Making It Work
Initial tests showed the system worked but encountered some problems near sunrise and sunset. At those times of day, the sun was low over the horizon and caused interference with the infrared cameras. Tinting the windows blocked enough light for the system to perform in any conditions. And the original cameras didn’t capture enough range of head motion to steer through tight turns.
Developing the infrared camera system was only the first step. Translating that sensory data into actual car movements required some innovation. For version 1.0, the Arrow team engineered a central processor that interprets the camera information and controls rotary actuators attached to the gas pedal, brake pedal and steering wheel. In version 2.0, the central processor and systems integration have been upgraded.
Finishing The Race
On May 18, 2014, Sam drove for the first time since his accident in 2000, reaching 97 mph at Indianapolis Motor Speedway. A week later, he completed more laps at Indy, reaching a top speed of 107 mph. This past December, Sam raced in the iRacing Pro Race of Champions organized by CXC Simulations. Competing with able-bodied drivers, Sam finished 16 of 25.This technology breaks down barriers and opens new frontiers. With a little help, we all can be the drivers of our own lives.

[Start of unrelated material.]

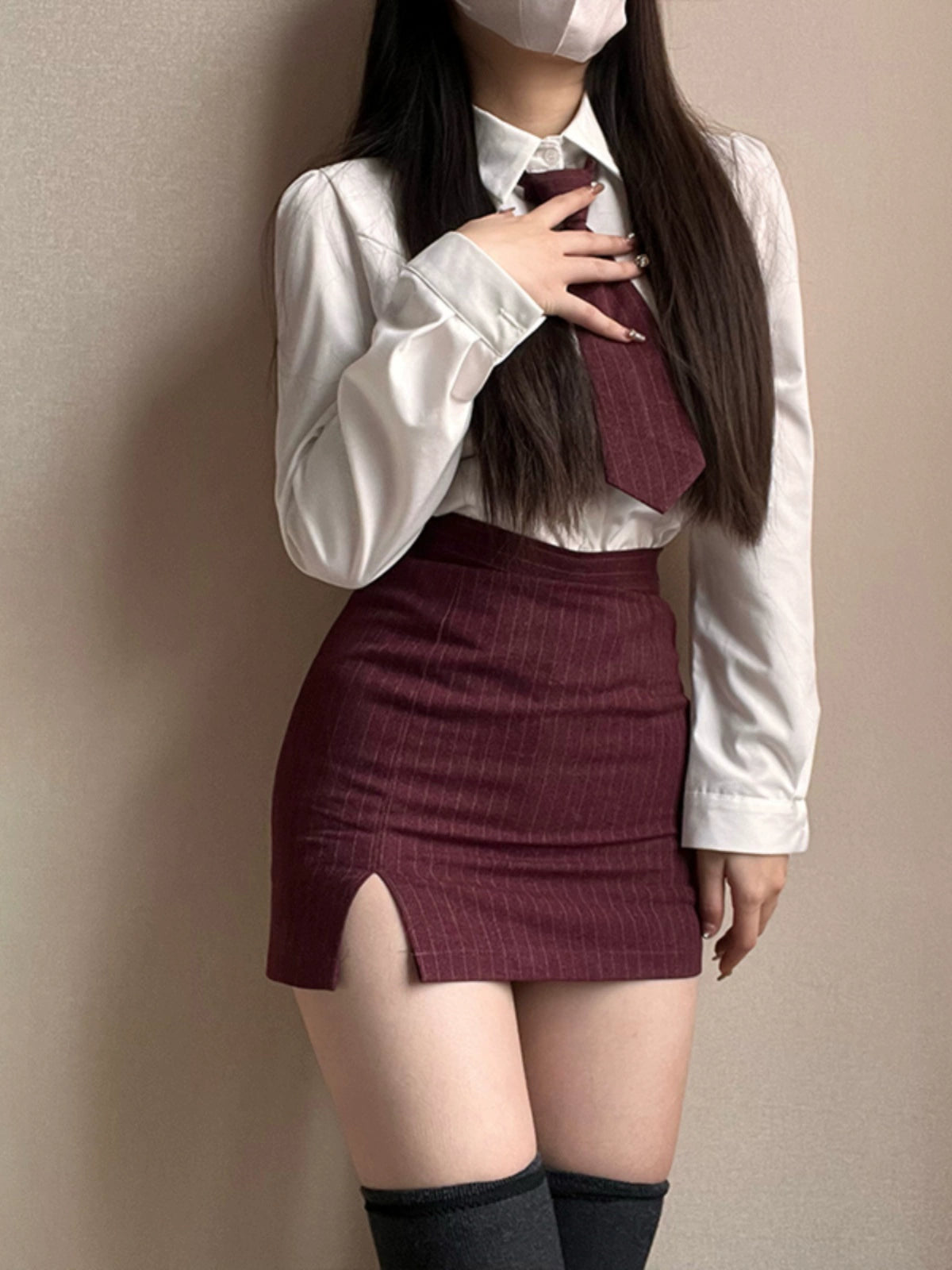 JK Bear Second Wear High Puff Sleeve Shirt Skirt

On June 26, 2016, Sam tacked the bottom half of the challenging 12.42 mile, 4,725 ft. Pikes Peak International Hill Climb, which included dozens of twists and hairpin turns, after the 102 official racers and drivers completed their races. The climb captivates auto enthusiasts around the world. It was the perfect place to showcase the inspiring capabilities of Sam Schmidt and Arrow’s SAM car project.